Fine-Tuning — Recommended Path: LLaMA-Factory
The project officially recommends LLaMA-Factory for:
-
Full-parameter fine-tuning -
LoRA / QLoRA -
Supervised Fine-Tuning (SFT) -
Direct Preference Optimization (DPO) -
One-click merging & inference
Detailed configuration examples and dataset formats are available in the project’s tutorial folder.
Full Domestic Tech Stack Support
TeleChat3 is one of very few open-source LLM families that publishes concrete training metrics on purely domestic hardware:
-
Hardware: Ascend Atlas 800T A2 clusters -
Framework: MindSpore + MindSpore Transformers
Reported single-epoch training throughput (2025 data):
| Model | Samples per second | NPUs used |
|---|---|---|
| 105B-A4.7B | 0.1002 | 4096 |
| 36B | 0.0633 | 2048 |
These numbers demonstrate viable economics even without access to the latest foreign GPU generations.
Frequently Asked Questions
Do I have to use Thinking mode?
No — but nearly all published benchmark scores were achieved with Thinking enabled. Disabling it usually reduces performance on reasoning-heavy tasks.
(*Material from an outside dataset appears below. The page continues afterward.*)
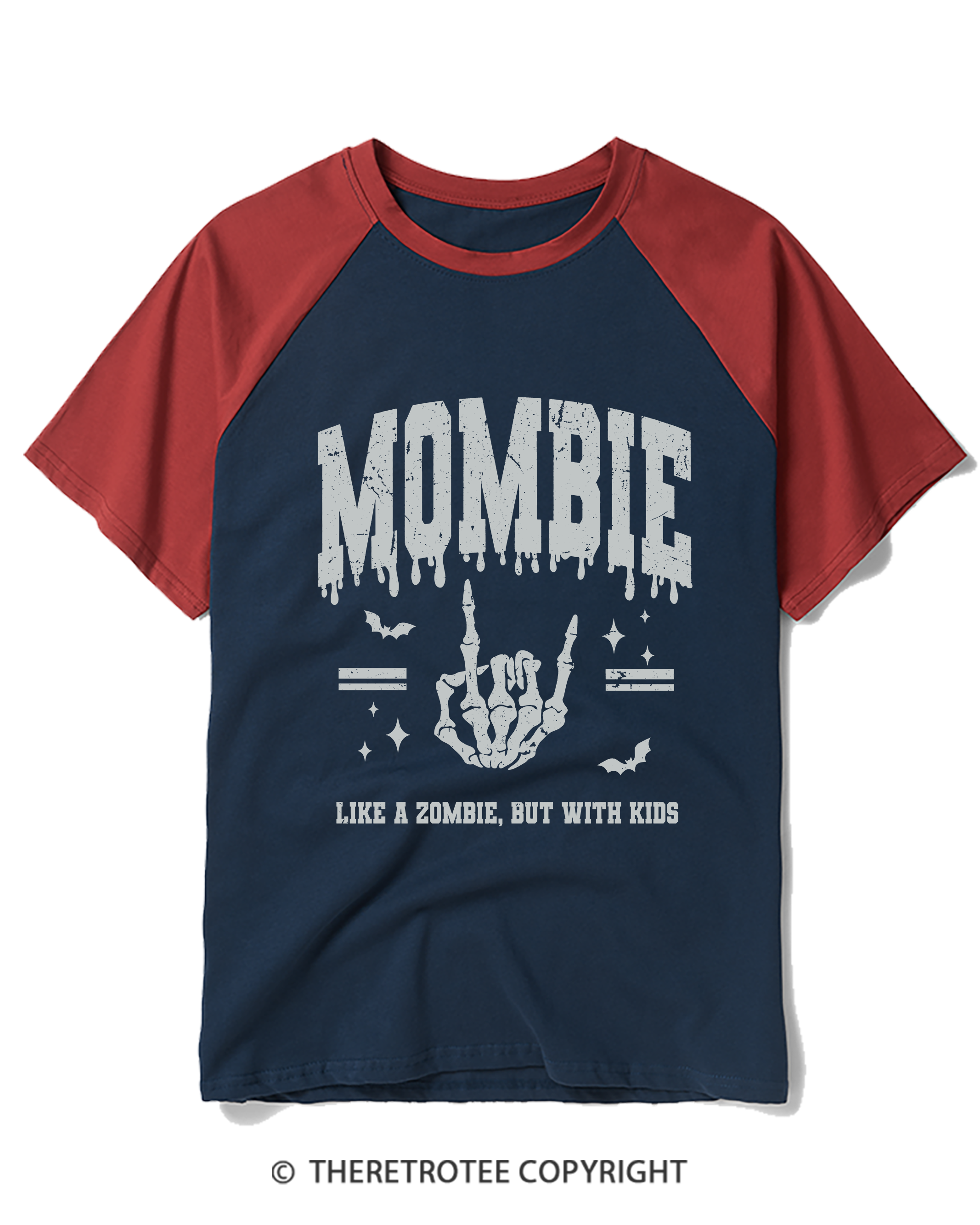 TheRetroTee Mom Halloween Mombie Raglan Baseball T-Shirt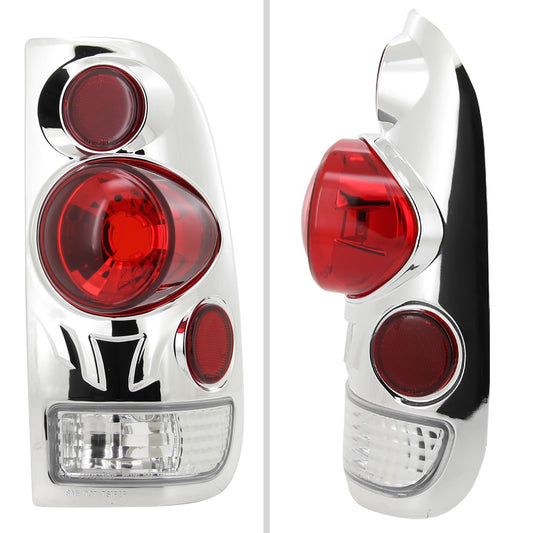 1997-2007 Ford F-150/F-250/F-350/F-450/F-550 Retro Style Tail Lights (Chrome Housing/Clear Lens)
Which model should I deploy — 105B MoE or 36B dense?
-
Tight VRAM budget or lowest inference cost → 105B-A4.7B-Thinking (behaves like a ~7B model at runtime) -
Maximum accuracy, especially on coding & agents → 36B-Thinking
How good is SWE-Bench 51 really?
In late 2025 / early 2026, reaching 50+ on the Verified subset means the model can solve genuine, non-synthetic GitHub issues with reasonable reliability — a practical software-engineering capability level.
Can I do multi-turn conversations with transformers?
Yes. Just feed the conversation history as normal messages; do not include previous thinking blocks.
Why TeleChat3 Matters in 2026
The December 2025 release of TeleChat3-105B-A4.7B-Thinking and TeleChat3-36B-Thinking delivers several rare combinations at once:
-
full end-to-end training on domestic compute -
competitive real-world engineering scores (especially SWE-Bench & agent tasks) -
explicit, inspectable reasoning via Thinking mode -
broad inference compatibility (transformers, vLLM, SGLang) -
straightforward fine-tuning via LLaMA-Factory -
native Ascend + MindSpore ecosystem integration
For teams building AI products in geopolitically sensitive environments, or anyone who values traceable reasoning chains in production systems, these models represent one of the strongest fully open domestic alternatives available today.